Het voorengaande betekent dat de aangevallen uitspraak voor zover betrekking
hebbend op de bestreden beslissing van 5 augustus 1991 moet worden vernietigd
en dat het tegen die beslissing ingestelde inleidende beroep alsnog ongegrond
moet worden verklaard.

Hetgeen met betrekking tot de beslissing van 16 mei 1991 werd overwogen
leidt er, gelet op het bepaalde in artikel 80a, tweede lid (oud) van de
Beroepswet, toe dat van eiser een recht van ƒ 200,– dient te worden geheven.

Met betrekking tot de kosten van het geding overweegt de Raad het volgende.

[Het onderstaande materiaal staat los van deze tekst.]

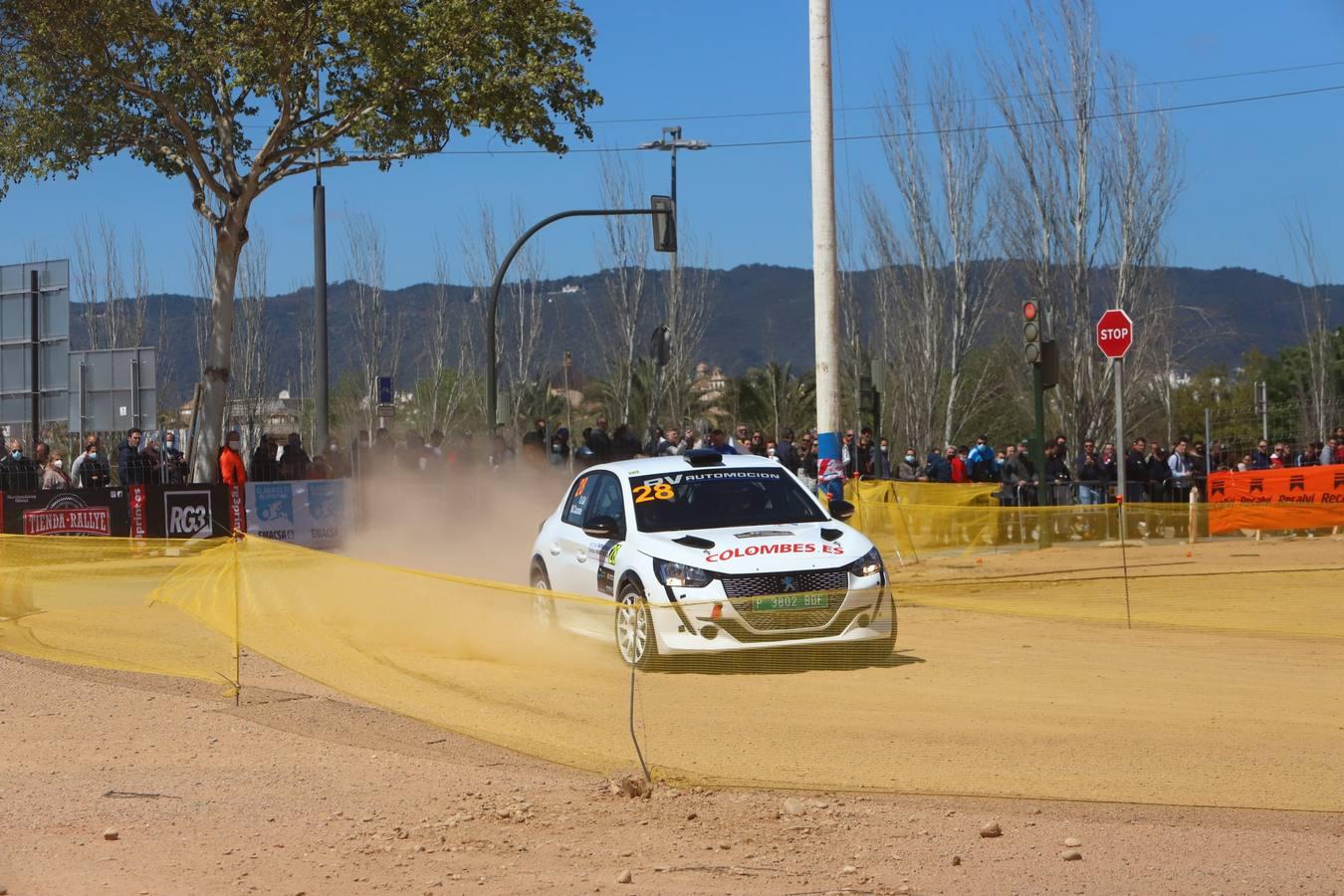 El espectacular tramo urbano del Rallye Sierra Morena 2022 por Córdoba, en imágenes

De eerste rechter heeft uitspraak gedaan vóór 1 januari 1994. Gelet op
hetgeen de Raad heeft beslist in zijn uitspraak van 5 april 1994, gepubliceerd
in Jurisprudentie Bestuursrecht 1994/85, worden de kosten van het geding
in eerste aanleg dan niet betrokken in een proceskostenveroordeling op
grond van artikel 8:75 van de Awb. Ten aanzien van de kosten van het geding
in hoger beroep met betrekking tot de beslissing van 16 mei 1991 acht de
Raad termen aanwezig om eiser te veroordelen in de kosten van de aan gedaagde
verleende rechtsbijstand, begroot op ƒ 355,–. Voor het overige ziet de
raad voor een veroordeling in de kosten geen aanleiding.

Beslist wordt als volgt.

III. BESLISSING

De Centrale Raad van Beroep,
Recht doende: Bevestigt de aangevallen uitspraak, voor zover betrekking
hebbend op de beslissing van 16 mei 1991;
Veroordeelt eiser in proceskosten van gedaagde ten bedrage van ƒ 355,–;
Wijst de Sociale Verzekeringsbank aan als de rechtspersoon die deze kosten
dient te vergoeden;
Vernietigt die uitspraak, voor zover betrekking hebbend op de beslissing
van 5 augustus 1991;
Verklaart het tegen die beslissing ingestelde beroep alsnog ongegrond.